To highlight the flaws in this approach with an analogy, imagine you are on a flight with 250 people landing in a foreign country. There are two customs officials designated at the immigration counters to check the paperwork of those landing, carry out searches and inspect for illegal contraband or undeclared goods.
If you are tasked with running this operation in a way which produces the highest benefit for the lowest investment in resources, would you use those scarce resources to carry out a cursory check of the baggage of a random sample of people in the hope of success? Or would you use analytics to identify higher risk travelers, such as those without an obvious reason for travel, those who pay cash for their ticket at the airport or those traveling from high-risk locations. The approach you choose can make the difference between a 1 percent success rate on a random sample, or a 30 percent success rate based on a high-risk group. Of course, you would likely choose the latter.
Tax audits are no different to the airport analogy. Tax officials will use data points they already have to risk profile higher-risk transactions or events and analyze that data to determine their audit targets. Furthermore, with the advent of real- time reporting and other similar initiatives, the tax authority may even know the answer to their query before they even contact you.

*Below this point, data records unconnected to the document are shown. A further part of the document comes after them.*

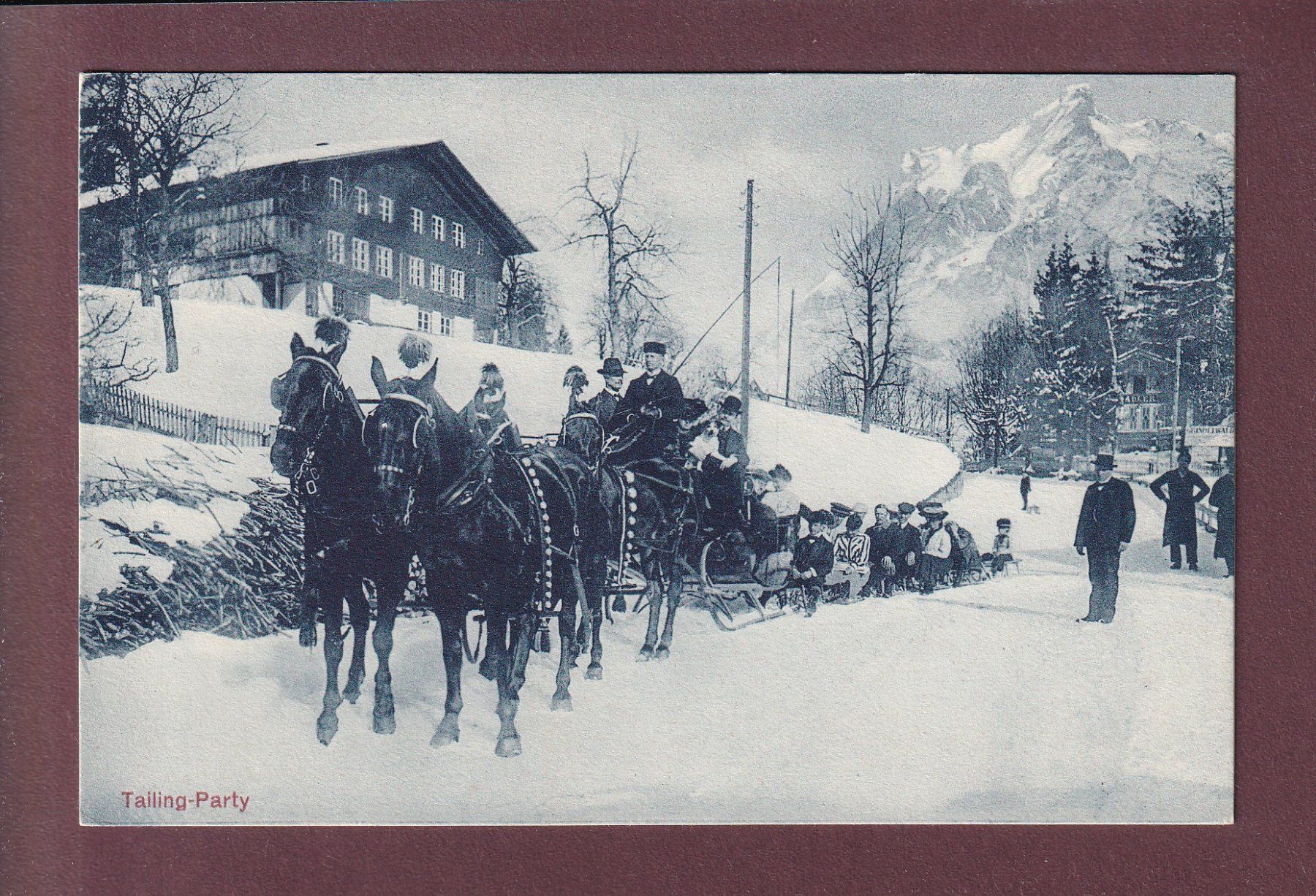 Cartoline postali: GRINDELWALD - Tailing-Party – Usato da Pully venduto da nicecards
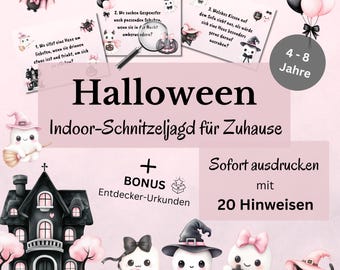 Indoor scavenger hunt Halloween games for children 4-8 years, indoor treasure hunt for girls to print, Halloween party games PDF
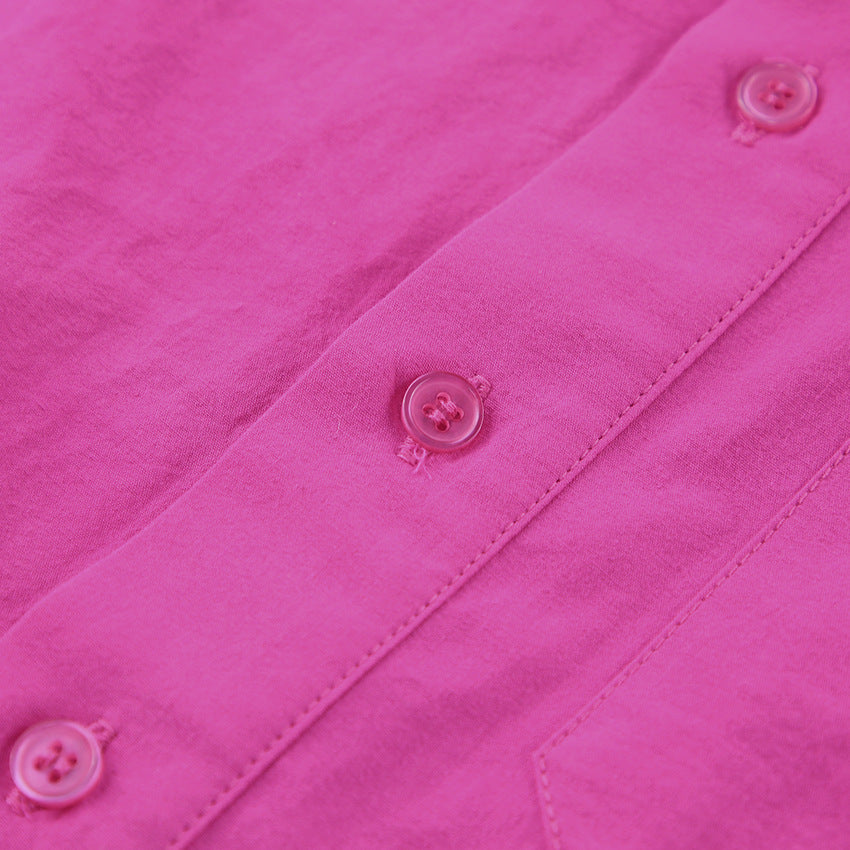 Pink Hollowed-out Midi Shirt Dress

In short, the tax audit has already begun before you are even notified.
When a business does not manage its compliance obligations, it is rarely due to deliberate malfeasance. Most times, non-compliance is a result of a lack of controls or governance, deficiencies in training or education, or poor quality data.
The corollary of this is that high levels of compliance are fueled by high-quality trusted data, which feed effective controls, strong governance, and are supported by capable people — together this is often referred to as a tax control framework. A number of tax authorities around the world have grasped the importance of the tax control framework to achieving effective compliance outcomes; for example, the Netherlands with its ‘horizontal monitoring’, Singapore with its ‘Assisted Compliance Assurance Program’, and the UK with its ‘Senior Accounting Officer’ role requirements.
A recent KPMG Global Tax Department Benchmarking study4 highlighted the fact that a staggering 41 percent of respondents had no formal tax code of conduct or control framework to frame risk tolerance and tax decisions.
If we zone in on this tax control framework even further, it would be fascinating to measure the correlation between the quality of data management in an organization, and an organization’s level of overall compliance. We anticipate that this is the bedrock of any highly functioning compliance activity. The flipside is that the absence of integrity, trust and confidence in the data being managed can increase the level of non-compliance likely to eventuate.
4Source: Global Tax Department Benchmarking Survey, KPMG International, 2021.
In the global arms race being carried out around tax technology, we believe the indisputable winners will be the tax authorities. They have both the most to gain and the most to lose. Their advantage lies in the economies of scale in any technology tools they invest in, plus they typically have the right to require others to use their tools.
For several years now, KPMG member firms have been alerting clients to the progress being made by tax authorities in their data and analytics tools, and in the capabilities of their people to carry out analytics. The tipping point is fast approaching. What is contributing to this tipping point moment is that tax authorities are increasingly requiring taxpayers to provide transactional data to be transmitted to them, through measures such as real-time reporting or electronic invoicing. Even measures such as DAC 7 out of the European Union is designed to tap the data of digital platform intermediaries in a bid to manage the compliance obligations of (higher-risk) participants who sell their goods or services through those platforms.
Historically, tax authorities were limited by the (limited) data they requested from taxpayers. However, today, the authorities increasingly have your data, and they are progressively improving their ability to analyze it.
Do you know what stories are sitting in your data?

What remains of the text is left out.